I arrived back about 8pm as I stopped off to buy some juice before getting the metro back to Acropoli, and once arriving back I met the Indonesian guy in the dorm and we headed to the roof top bar once more, just for the views of the Acropolis rather than for the actual bar. We had been given free shots of Ouzo on arrival by the receptionist, but neither of us redeemed them during our stay, nor brought any alcohol from the bar, it served merely as a lookout point.

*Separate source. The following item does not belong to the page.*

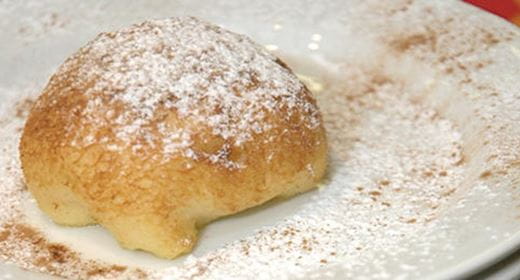 recipe image Fatias Douradas com Gelado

We headed out to ‘Liondi’ situated around the corner from our hostel which advertised traditional Greek food. We had a reservation for 9:15, but upon arrival were asked to wait a further 20 minutes, arriving back 20 minutes later we still had yet to find a table. We received free drinks as an apology and complimentary dessert after our meal. I ordered Moussaka and my dinner companion followed suit. This restaurant set the bar high, as the Moussaka was so good, for my final meal in Athens I headed back to the same place and Moussaka featured as part of my meal.  Dinner was wonderful and we exchanged what we got up to during that day, as he was heading off to Istanbul tomorrow and it would be our final night together. We finished up and in total my bill was 9 euros – incredible!

Tomorrow I’d stay in Athens and see the Temple of Zeus, and after a early start to the day and late finish, an early night was needed. We walked back to the hostel and found the others in the dorm, having all introduced ourselves and spoken for a little while we all got into bed and said our goodnight’s.